*** Opening Data for review ***

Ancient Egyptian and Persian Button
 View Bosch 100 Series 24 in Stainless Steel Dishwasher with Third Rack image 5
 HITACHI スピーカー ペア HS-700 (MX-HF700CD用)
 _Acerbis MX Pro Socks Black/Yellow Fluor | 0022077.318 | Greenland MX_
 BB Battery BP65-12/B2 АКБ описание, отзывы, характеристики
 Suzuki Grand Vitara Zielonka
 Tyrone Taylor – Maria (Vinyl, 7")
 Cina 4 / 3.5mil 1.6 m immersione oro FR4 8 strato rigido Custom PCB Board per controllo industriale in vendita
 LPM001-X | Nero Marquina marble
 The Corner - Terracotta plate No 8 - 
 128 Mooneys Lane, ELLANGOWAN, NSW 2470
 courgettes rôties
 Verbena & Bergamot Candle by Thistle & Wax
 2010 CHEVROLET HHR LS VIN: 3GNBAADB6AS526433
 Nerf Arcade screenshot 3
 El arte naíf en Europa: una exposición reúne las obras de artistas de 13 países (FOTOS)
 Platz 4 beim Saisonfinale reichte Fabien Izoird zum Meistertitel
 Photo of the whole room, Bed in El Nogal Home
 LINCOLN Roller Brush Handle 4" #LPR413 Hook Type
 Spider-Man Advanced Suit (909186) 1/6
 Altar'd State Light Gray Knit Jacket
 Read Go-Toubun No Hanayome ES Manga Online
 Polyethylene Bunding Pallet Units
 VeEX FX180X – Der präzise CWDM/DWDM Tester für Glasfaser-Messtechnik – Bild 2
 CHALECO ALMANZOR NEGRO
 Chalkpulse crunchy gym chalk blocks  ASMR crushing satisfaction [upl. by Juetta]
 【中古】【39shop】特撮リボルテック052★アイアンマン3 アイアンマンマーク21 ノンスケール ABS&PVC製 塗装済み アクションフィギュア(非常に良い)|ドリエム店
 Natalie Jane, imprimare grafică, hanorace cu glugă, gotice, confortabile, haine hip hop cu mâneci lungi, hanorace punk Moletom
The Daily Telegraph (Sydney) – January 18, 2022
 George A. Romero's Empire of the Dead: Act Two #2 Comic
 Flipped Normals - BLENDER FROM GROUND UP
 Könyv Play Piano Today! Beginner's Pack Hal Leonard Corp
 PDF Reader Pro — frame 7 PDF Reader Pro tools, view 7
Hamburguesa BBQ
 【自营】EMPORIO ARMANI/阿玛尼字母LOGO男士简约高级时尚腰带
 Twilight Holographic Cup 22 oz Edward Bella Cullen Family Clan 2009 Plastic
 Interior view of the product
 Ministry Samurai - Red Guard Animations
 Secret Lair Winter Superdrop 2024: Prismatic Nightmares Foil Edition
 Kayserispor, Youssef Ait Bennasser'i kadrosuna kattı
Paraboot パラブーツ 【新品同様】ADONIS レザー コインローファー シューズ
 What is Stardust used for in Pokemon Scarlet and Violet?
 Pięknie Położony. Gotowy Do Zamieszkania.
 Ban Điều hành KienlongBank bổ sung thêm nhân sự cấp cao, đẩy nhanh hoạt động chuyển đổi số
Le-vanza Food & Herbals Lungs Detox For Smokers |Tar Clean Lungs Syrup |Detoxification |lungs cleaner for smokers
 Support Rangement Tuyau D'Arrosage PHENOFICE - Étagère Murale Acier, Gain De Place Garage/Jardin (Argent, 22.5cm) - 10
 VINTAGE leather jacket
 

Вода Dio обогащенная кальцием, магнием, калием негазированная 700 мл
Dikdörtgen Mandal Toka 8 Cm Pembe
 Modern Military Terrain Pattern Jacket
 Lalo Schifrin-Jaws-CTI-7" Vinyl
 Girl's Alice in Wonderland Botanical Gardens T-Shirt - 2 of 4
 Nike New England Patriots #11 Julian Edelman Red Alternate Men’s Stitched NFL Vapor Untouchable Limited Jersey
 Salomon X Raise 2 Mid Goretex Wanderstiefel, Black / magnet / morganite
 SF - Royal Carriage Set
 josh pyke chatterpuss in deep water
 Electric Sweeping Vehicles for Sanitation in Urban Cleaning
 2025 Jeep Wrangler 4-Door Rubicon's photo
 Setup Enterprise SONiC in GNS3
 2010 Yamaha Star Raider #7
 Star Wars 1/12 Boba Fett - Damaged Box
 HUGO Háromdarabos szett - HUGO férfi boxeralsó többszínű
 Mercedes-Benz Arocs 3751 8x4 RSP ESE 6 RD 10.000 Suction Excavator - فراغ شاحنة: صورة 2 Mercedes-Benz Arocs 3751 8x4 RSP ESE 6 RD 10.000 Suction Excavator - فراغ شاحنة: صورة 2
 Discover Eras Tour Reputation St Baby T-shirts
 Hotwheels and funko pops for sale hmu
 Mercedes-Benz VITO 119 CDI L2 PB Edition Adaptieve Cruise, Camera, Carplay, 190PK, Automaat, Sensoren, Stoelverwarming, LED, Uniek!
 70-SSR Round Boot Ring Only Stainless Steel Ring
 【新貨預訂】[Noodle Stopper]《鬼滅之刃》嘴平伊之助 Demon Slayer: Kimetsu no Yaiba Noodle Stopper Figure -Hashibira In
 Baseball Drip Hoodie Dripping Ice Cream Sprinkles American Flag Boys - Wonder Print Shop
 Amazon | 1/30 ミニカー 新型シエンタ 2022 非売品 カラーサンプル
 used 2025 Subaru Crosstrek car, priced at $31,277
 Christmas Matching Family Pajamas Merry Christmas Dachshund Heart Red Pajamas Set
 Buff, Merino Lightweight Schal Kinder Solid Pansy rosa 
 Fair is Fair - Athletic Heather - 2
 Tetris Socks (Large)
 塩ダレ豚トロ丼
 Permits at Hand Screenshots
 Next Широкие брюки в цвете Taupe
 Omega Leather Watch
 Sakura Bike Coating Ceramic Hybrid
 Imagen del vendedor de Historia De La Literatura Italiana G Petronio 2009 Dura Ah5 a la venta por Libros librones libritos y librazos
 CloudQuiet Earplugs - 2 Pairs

*** Closing Data for review ***

Exactly the lines from the one holding "Amazon | 1/30 ミニカー 新型シエンタ 2022 非売品 カラーサンプル" through the end of the data are to be repeated, with both ends included.

 Amazon | 1/30 ミニカー 新型シエンタ 2022 非売品 カラーサンプル
 used 2025 Subaru Crosstrek car, priced at $31,277
 Christmas Matching Family Pajamas Merry Christmas Dachshund Heart Red Pajamas Set
 Buff, Merino Lightweight Schal Kinder Solid Pansy rosa 
 Fair is Fair - Athletic Heather - 2
 Tetris Socks (Large)
 塩ダレ豚トロ丼
 Permits at Hand Screenshots
 Next Широкие брюки в цвете Taupe
 Omega Leather Watch
 Sakura Bike Coating Ceramic Hybrid
 Imagen del vendedor de Historia De La Literatura Italiana G Petronio 2009 Dura Ah5 a la venta por Libros librones libritos y librazos
 CloudQuiet Earplugs - 2 Pairs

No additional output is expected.